Select the spokes you actually adjust to try to get all spokes
into the low-note area of tension/tone.
2) Invest $40 or so in the machinist's tool called a "Test Indicator".
This is a nifty little jeweled instrument that measures position/motion
between two very nearby objects with great accuracy. Mine is a Fowler,
cost $37, has two jewels, and can repeatedly measure motion of .0005 inch
(yes, one half of one thousandth of an inch, or .0127 mm for our metric
friends). The hitch is that it has a max range of only .060 (+- .030 inch)
To use the test indicator- clamp the indicator's mounting bar to a
convenient place on the bicycle (the brake post is a good place) and
flex it around till the tip bears against the rim and the needle
indicates approximately center-scale. You will have to move the
indicator between the radial and lateral truing steps (see below).
2A) There's another kind of indicator called a "dial indicator" that
measures to within a few thousandths, over a distance of about one inch.
Dial indicators are a little more expensive, but you may want to
get one of those instead.
3) When truing a wheel, first true it radially- that is, get the rim-to-
center distance to be constant (or near constant). You want this accurate
to within about .020 (+- .010) inch. You can do this with the tire
on, off, or just deflated.
When radially truing the front wheel (no dish offset) count turns and
always put the same number of turns (tighter or looser) on a PAIR of
ADJACENT spokes (one will go to the left hub disc, the other goes to the
right hub disc). Thus, the radial truing will not greatly disturb
whatever lateral (L/R) true remains in your wheel.
Try not to turn any given spoke pair more than two full turns before
having checked every other spoke pair on the wheel. The typical
"unit" of adjustment during radial truing is one full turn on
a pair of adjacent spokes.
Tighten up any spoke that's actively loose to the "barely tight" state.
Likewise, loosen any spoke that's so tight it sounds shrill when you
pluck it. This will untrue the wheel somewhat but wheel truing is
iterative and the problem will be fixed later.
4) "Relieve" the wheel by grabbing adjacent pairs of spokes on the SAME
side and squeezing them together with the hand. Do this with every
pair of adjacent spokes, on both sides of the wheel. The idea is to firmly
seat the spoke against the hub and against the rim, stretching the spoke
just a bit and compressing out all of the play that burrs on the drilled
holes, etc. will cause in a few miles of riding.
5) Repeat step 3 (radial truing)
6) Relieve the wheel again. Check radial trueness. It should be
essentially unchanged.
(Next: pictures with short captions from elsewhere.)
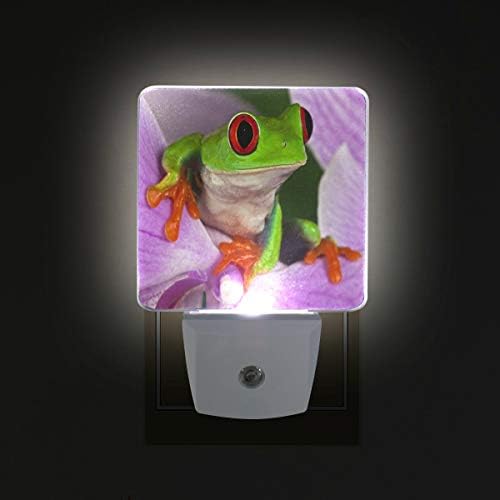 2 plug-in plug-in LED Night Lights com sapo luz noturna com entardecer para o Dawn Sensor Luz branca perfeita para cozinha e corredor do banheiro Conjunto 2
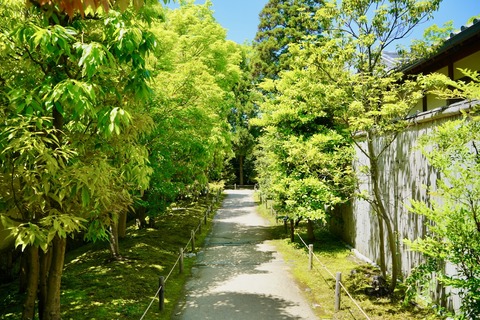 DSC06934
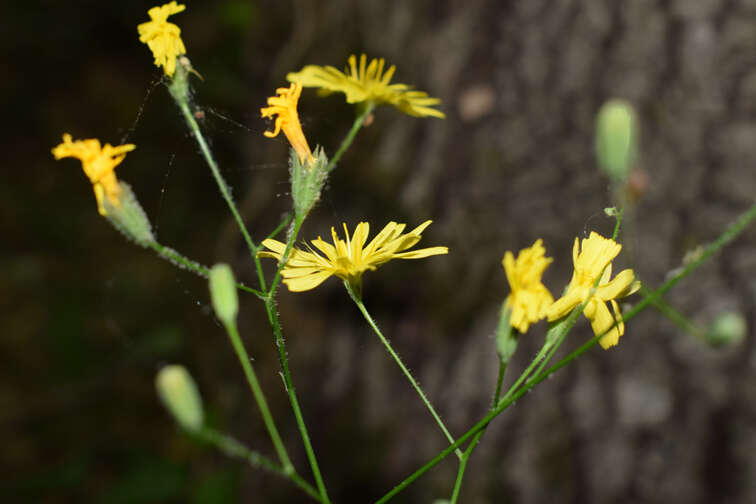 Image of Lapsana communis subsp. intermedia (M. Bieb.) Hayek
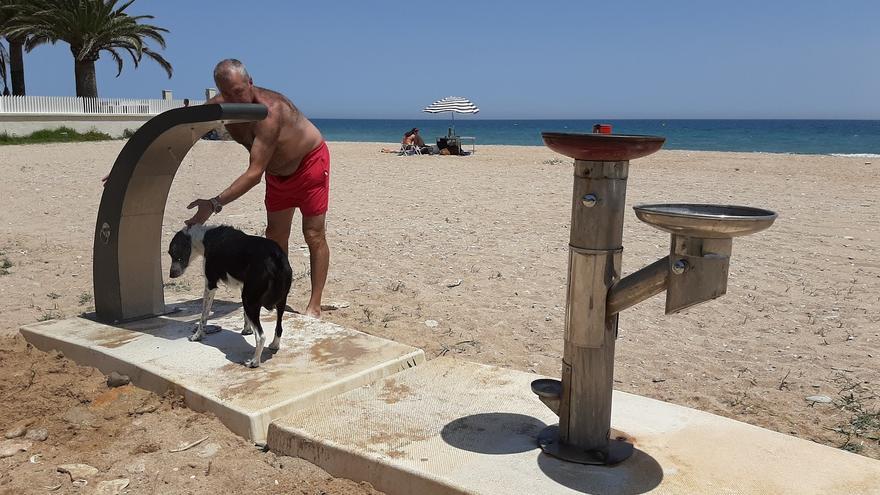 Este municipio de Castellón instala una ducha para perros en la playa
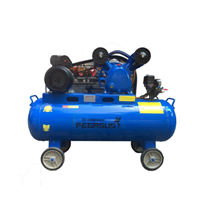 Máy Nén Khí Dây Đai Pegasus 2Hp 70L TM-V-0.17/8-70L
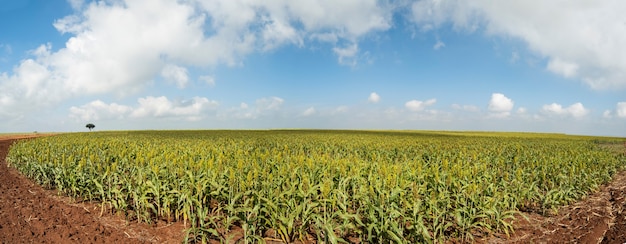 Vista panorâmica da plantação de sorgo em um dia ensolarado no Brasil.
Continue to check/adjust/relieve until the
wheel remains radially true despite
7) Remount the test indicator so it indicates lateral (left-to-right)
imperfection. Also mount and inflate the tire to operational pressure.
8) True the wheel laterally. Again, make adjustments only on adjacent
pairs of spokes, and count/balance turns, but
I) The typical adjustment during lateral truing is about
1/4 turn. Don't turn a spoke pair more than 1/2 turn
before checking every other spoke pair on the wheel.
II) for FRONT wheels, every quarter turn of a spoke
tighter means ONE of the two adjacent spokes (which
go to the other side of the hub) must get one quarter
turn looser. (or you can split it- BOTH adjacent
spokes get 1/8 turn looser).
III) for REAR wheels, you have to compensate for the "dish"
(the space where the freewheel goes) if it's a derailleur
rear hub. This compensation is typically 2:1 ::
Each turn of a FREEWHEEL-side spoke must be
compensated by one HALF of a turn of an adjacent
spoke on the non-freewheel side.
IV) You can "cheat" 1/8-turn adjustments and not compensate
them- just don't do it more than once on any spoke on any
adjust/relieve/test iteration.
9) "Relieve" the wheel again
10) Test and retrue lateral.
12) Keep at lateral/relieve/test until the wheel is laterally true
within .010 (+- .005), as measured on the rim. This makes it easy
to adjust your brake pads for maximum effectiveness without rubbing.
13) Just for luck, recheck radial trueness. It should be fine.
I've trued my wheels this way for a few years now. The first time you
true them this way, it'll take a while, because all of the unbalanced
forces have to be adjusted out (expect to spend three or four iterations
in each of the adjust/relieve/test loops). The second time goes much
faster, and the third time (for me) was just one pass each.
Another side effect is that because the spoke forces are balanced (because
you plucked the spokes while choosing a spoke pair to tighten/loosen) the
wheel will stay in true MUCH longer than a machine-built wheel will stay
true. (machine-built wheels are never "relieved" until they hit the
road- which is why they usually go all potato-chip shaped within a few
hundred miles)
-Bill Yerazunis
The above information provided "AS-IS", no warranties implied, and do
not represent my employer in any way.
"Where there's life, there's threat." Who said it, what episode?